New in version 2.0.0.
-
--table-schema
/ --no-table-schema
¶ If
--no-table-schema
is used, sieve will not output any CREATE TABLE statements and will not output any CREATE VIEW statements. Only table data, routines and events will be output (as dictated by other options).
New in version 2.0.0.
-
--table-data
/ --no-table-data
¶ If
--skip-table-data
is set, sieve will not output any table data sections and only output DDL. Reloading such a dump will result in empty tables.
New in version 2.0.0.
-
--master-data
/ --no-master-data
¶ If the
--master-data
option is set, any commented out CHANGE MASTER statements will be uncommented in the output.

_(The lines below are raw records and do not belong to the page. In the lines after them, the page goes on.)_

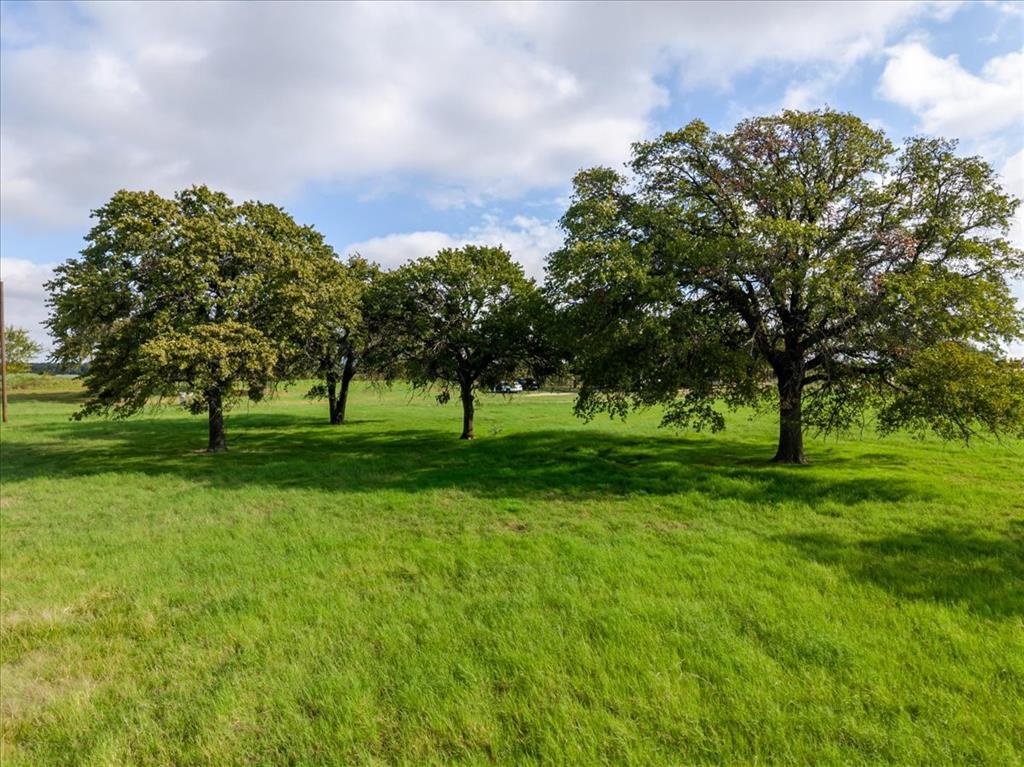 1090 Ross Lane - Photo 8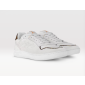 LV Stadium Sneaker,  Size 35-41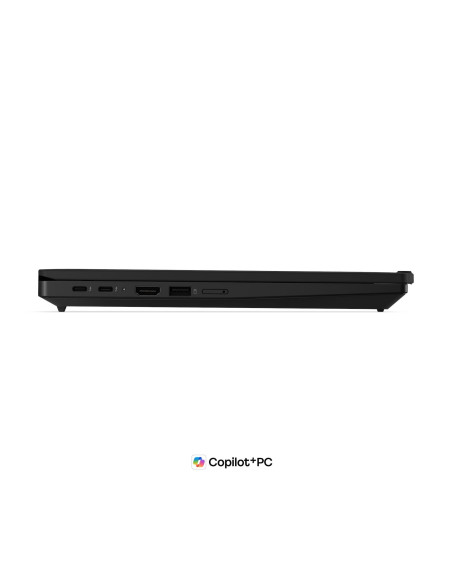 TP T14 G7 T 14WUXGA/U7-355/32GB/1T/W11P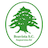 Boavista SC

This is useful of setting up a replication slave from a backup created using –master-data=2.If the
--no-master-data
option is set, any CHANGE MASTER statements will be commented out in the output, ensuring no CHANGE MASTER is run. This is useful for dumps created with –master-data[=1].
New in version 2.0.0.
-
--routines
/ --no-routines
¶ Include or exclude routines from the output, if routines were found in the input file. By default routines are not excluded and will ony be excluded if the –no-routines option is specified. The –routines option used to cancel a previous –no-routines option.
New in version 2.0.0.
-
--events
/ --no-events
¶ Include or exclude events from the output, if events were found in the input file. By default events are not excluded and will ony be excluded if the –no-events option is specified. The –events option can be used to cancel a previous –no-events option.
New in version 2.0.0.
-
--triggers
/ --no-triggers
¶ Include or exclude table triggers from the output, if triggers were found in the input file. By default triggers are included for any output tables (subject to table filtering). –no-triggers will disable output for all triggers and –triggers can be used to cancel the effects of an earlier –no-triggers option.
New in version 2.0.0.
-
-O
,
--to-stdout
¶
The
--to-stdout
option will force output to be written to stdout even if stdout appears to be an active terminal. This can be useful in cases when filtering the mysqldump output or when not outputing large amounts of data and want to read it directly on the terminal. By default, the sieve command will abort if it detects that it would output to a terminal and –to-stdout is not used.